On the other hand, Shri Yogesh Putney, advocate, learned counsel for the Revenue/respondent, has argued to support the order of the AO on the ground that no remedy will be available to the Revenue if the enhanced compensation as well as interest are finally upheld after the prescribed time of issue of notice under s. 148 of the Act. He further argued that in view of the clear provisions of s. 45(5) of the IT Act, the amount of enhanced compensation and interest thereon received by the appellant assessee is liable to be taxed in the year of its receipt.

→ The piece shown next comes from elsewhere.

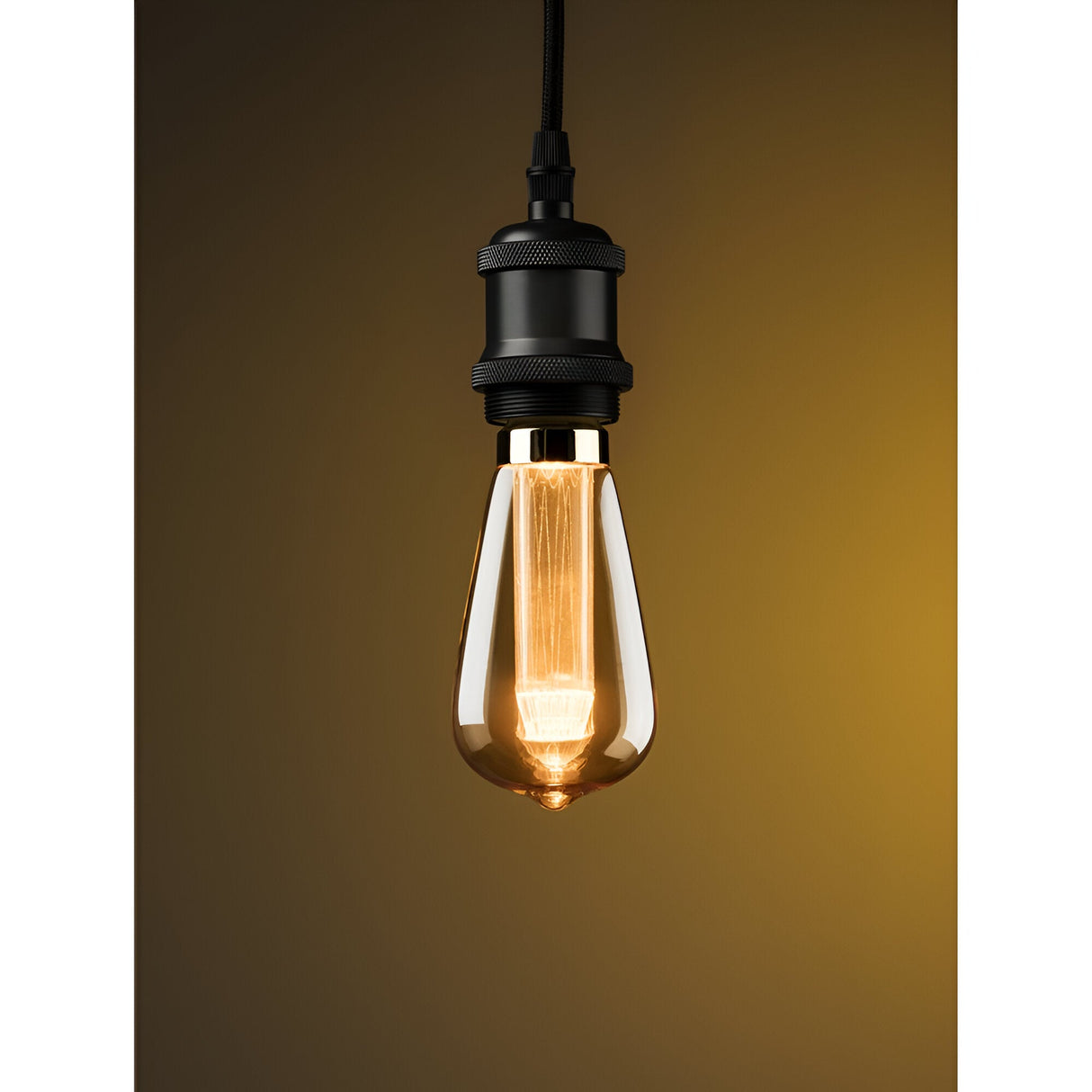 Luna 3W Non-Dimmable Filament Bulb - Amber, E27, 1800K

12. We find force in the argument raised by Shri Akshay Bhan, advocate, learned counsel for the assessee/appellant. The point in issue is squarely covered by our judgment in IT Appeal No. 427 of 2005 Chandi Ram vs. CIT & Ors. (supra) IT Appeal No. 490 of 2007 CIT & Ors. vs. Hardwari Lal (HUF) (supra). Not only this, the same view has also been taken by this Court in IT Appeal No. 177 of 2005 decided on 14th Nov., 2005. The issue regarding the taxability on enhanced compensation thereon has also been clearly dealt with by the Bombay High Court in the case of CIT vs. Abdul Mannan Shah Mohammed (supra) against which the SLP filed by the Revenue has been dismissed by the Hon’ble Supreme Court of India. The relevant part of the judgment is reproduced here below : “The agricultural land owned by the assessee was acquired by the Government in 1989 under the Land Acquisition Act. The assessee filed a civil suit. An award of Rs. 33,80,172 was made in favour of the assessees. Being aggrieved, the State Government moved the High Court against the decision of the reference Court. At this stage, it may be mentioned that the said amount of Rs. 33,80,172 included an amount of Rs. 13,50 lakhs as interest on the additional compensation, pending the appeal. The assessee was permitted to withdraw the amount on giving security. The question which arise for determination of compensation is whether the additional compensation which was deposited in the Court and permitted to be withdrawn was taxable at that stage. Secondly, whether the said amount could be taxed when it was specifically deposited by the Government in appeal to the High Court. In the case of CIT vs. Hindustan Housing & Land Development Trust Ltd. (1986) 58 CTR (SC) 179 : (1986) 161 ITR 524 (SC), the Supreme Court has held that when the Government has appealed against the award the additional amount of compensation was deposited in the Court, it was not taxable at that stage as the additional compensation would not accrue as income when it was specifically disputed by the Government in appeal. In view of the said judgment of the Supreme Court, there is no merit in this appeal. No substantial question of law arises. The judgment of the Supreme Court on facts, squarely applies to the facts of the present case. Hence, the appeal is dismissed.”
13. In view of the above settled proposition of law, the questions raised by the assessee are answered in the negative, i.e., against the Revenue and in favour of the assessee. Thus the appeal filed by the assessee is allowed.